PROBLEM REQUIREMENTS:
Give back the records below exactly, every one, with no pictures.

Short text fragments from websites:
***

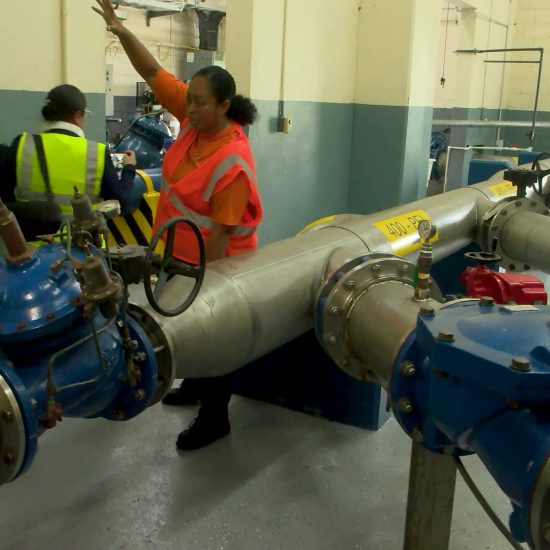 BWS busca aclarar dudas públicas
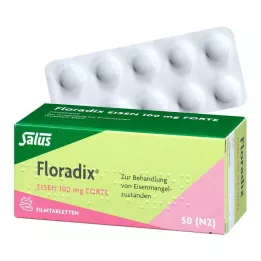 FLORADIX Comprimidos recubiertos con película de hierro forte de 100 mg, 50 uds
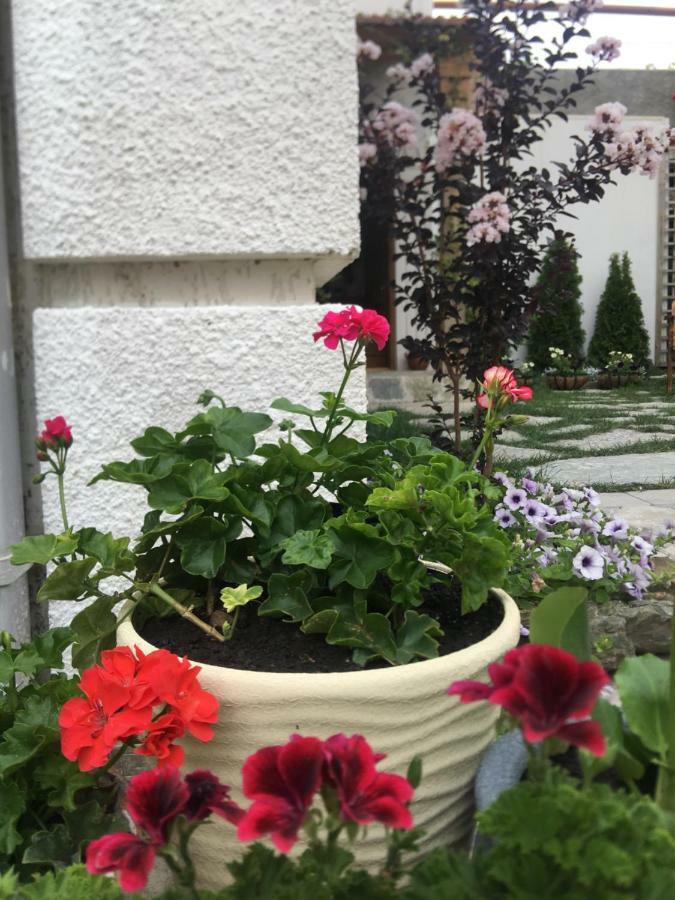 Отель My Garden Тбилиси Экстерьер фото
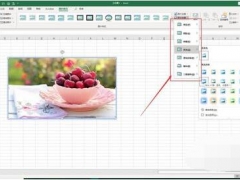 Excel2019如何给图片加框 Excel2019巧妙使用图片格式有意想不到的效果
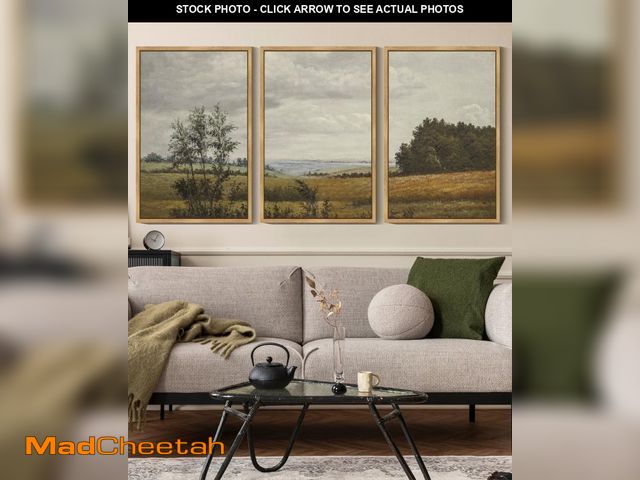 Lot 74-12487135 - Drsoum Vintage Landscape Wall Art 16x24in3pcs Natural Framed Grassland Wall Prints Classic Retro Far...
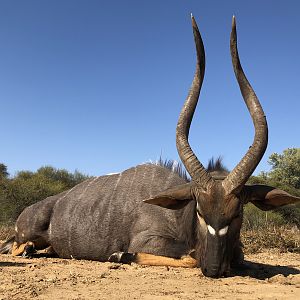 South Africa Hunting Nyala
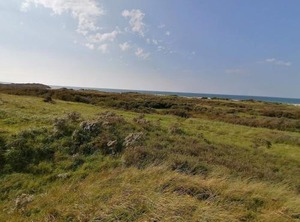 Holiday Musvågevej | Aalbaek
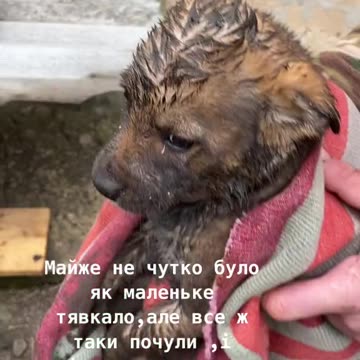 Ukrainian Rescues Dog from Storm Drain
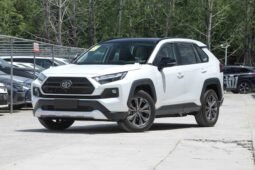 
										Toyota RAV4 full									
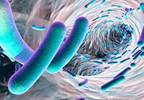 Prehospital Advanced Life Support Shortens Antibiotic Wait Times in Sepsis Prehospital Advanced Life Support Shortens Antibiotic Wait Times in Sepsis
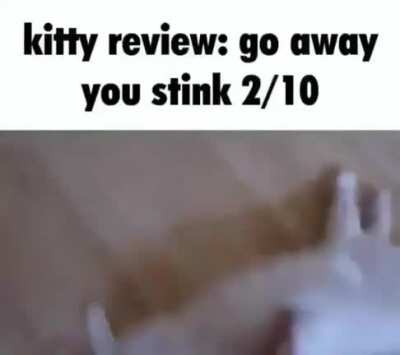 Kitty rule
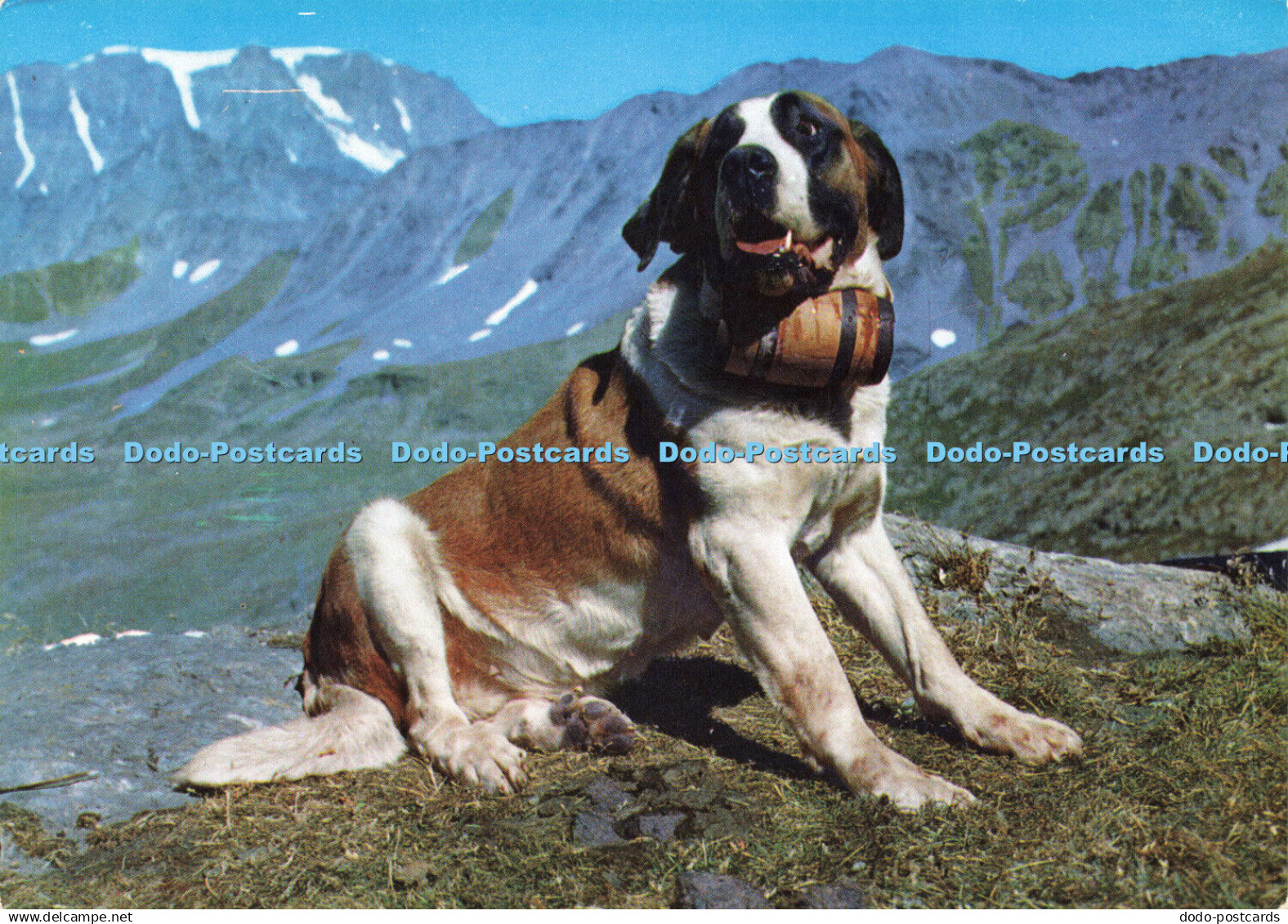 D188652 Chien des Moines du Gr. St. Bernard. Marco Danzi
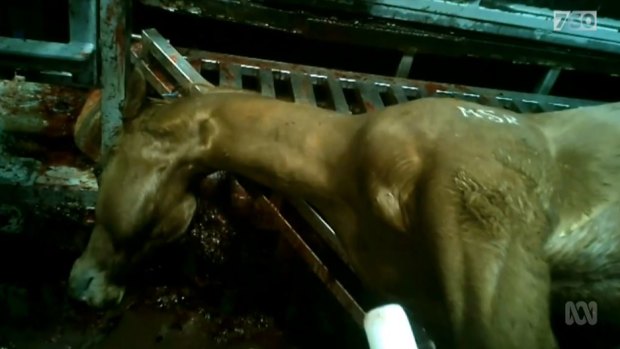 ABC's 7.30 program revealed alleged acts of animal cruelty as racehorses are sent to slaughterhouses. 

***

YOUR SOLUTION:
 BWS busca aclarar dudas públicas
 FLORADIX Comprimidos recubiertos con película de hierro forte de 100 mg, 50 uds
 Отель My Garden Тбилиси Экстерьер фото
 Excel2019如何给图片加框 Excel2019巧妙使用图片格式有意想不到的效果
 Lot 74-12487135 - Drsoum Vintage Landscape Wall Art 16x24in3pcs Natural Framed Grassland Wall Prints Classic Retro Far...
 South Africa Hunting Nyala
 Holiday Musvågevej | Aalbaek
 Ukrainian Rescues Dog from Storm Drain
										Toyota RAV4 full									
 Prehospital Advanced Life Support Shortens Antibiotic Wait Times in Sepsis Prehospital Advanced Life Support Shortens Antibiotic Wait Times in Sepsis
 Kitty rule
 D188652 Chien des Moines du Gr. St. Bernard. Marco Danzi
 ABC's 7.30 program revealed alleged acts of animal cruelty as racehorses are sent to slaughterhouses. 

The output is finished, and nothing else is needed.